3. Other downloads and dependencies
  * The [Stanford Core NLP](https://stanfordnlp.github.io/CoreNLP/download.html) toolset needs to be downloaded and installed. **Be sure to follow the setup instructions** to ensure proper install for this to work.
  * The [GloVe pre-trained data](http://nlp.stanford.edu/data/glove.42B.300d.zip) need to be downloaded and placed in the `data_dir` as defined in `settings.py` in the top-level directory of the MULTIVAC repository. 
  * Have [R](https://cran.r-project.org/) installed on your machine; part of MULTIVAC's code reaches back into R.

Finally, QG-Net specifically, but the project overall, works on a GPU. **The QG-Net portion of code will not work unless on a GPU** (tested with an Nvidia Quadro Pro-4000 card) but other pieces, especially the Markov logic network (MLN) will have dramatically reduced performance on a CPU. Also note, end-to-end, this will take approximately 60 hours to complete. 

## Piece-by-piece execution
If one chooses not to replicate the entire pipeline, then below are pieces to step in and out of particular pieces, given data pre-compiled by Gallup. These files can be accessed through a public, non-secure FTP site hosted at Gallup. Navigate to ftp://ftp.gallup.com in a web browser. You will be promopted for credentials that Ben Ryan will have sent over. From there, navigate to the `aske` folder where you will see all of the various inputs and outputs of the MULTIVAC system. The instructions are as follows with what to do with these data:
* Scraping
  * Inputs: There are no inputs per se, since this first step instantiates MULTIVAC by scraping articles from the internet from arXiv, Springer, and PubMed around the epidemilogy topic of choice for MULTIVAC.
  * Outputs: The `20181212.json` file encompasses all of the scraped data and are used by the parsing step.
* Parsing
  * Inputs: The `20181212.json` file.
  * Outputs: The `articles-with-equations.json` and the files in the `dim_files` directory. The JSON file is used with GloVe modeling and QG-Net, which the DIM files are used with the MLN.
* GloVe modeling
  * Inputs: The `articles-with-equations.json` file.
  * Outputs: The `da_embeddings.txt` file. This is a domain-adapted word embeddings used in QG-Net.
* QG-Net
  * Inputs: The `da_embeddings.txt` and the `articles-with-equations.json` files.
  * Outputs: The `input.txt` is a processed version of data that is fed through QG-Net itself and the `output_questions_QG-Net.pt.txt` is a set of questions from QG-Net.
* MLN
  * Inputs: The files in the `dim_files` directory.
  * Outputs: The `mln.pkl` file that wraps up the knowledge graph and attributes, including semantic clustering.

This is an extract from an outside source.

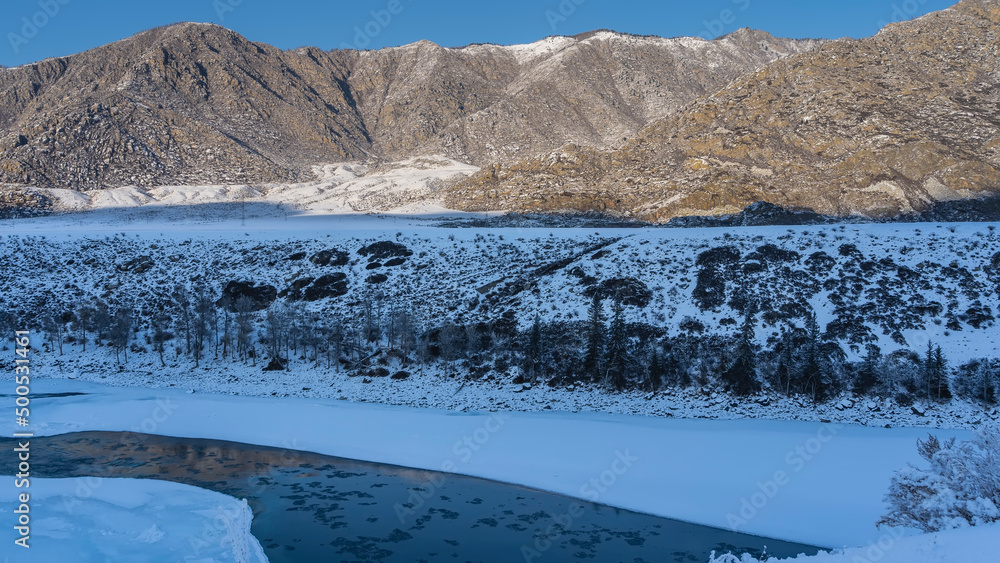 Turquoise ice-free river between the icy shores. Thawed ice floes are visible in the riverbed. There are coniferous trees on the snow-covered shores. The mountain range is illuminated by the sun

The rest of this notebook will step through language around the particular component of MULTIVAC and then code -- using the data referenced above -- to exemplify execution.

## 0. Settings
In the cell below, update the directory list as needed, following the example text. 

In [1]:
import configparser
import os

from dotenv import load_dotenv
from pathlib import Path

from multivac.src import utilities


cfg = configparser.ConfigParser()
cfgDIR = Path('').resolve()

try:
    cfg.read(cfgDIR / config_file_name)
except NameError:
    cfg.read(cfgDIR / 'multivac.cfg')

root_dir = cfg['PATHS'].get('root_dir', cfgDIR/'multivac')
qgnet_dir = cfg['PATHS'].get('qgnet_dir', cfgDIR/'qgnet')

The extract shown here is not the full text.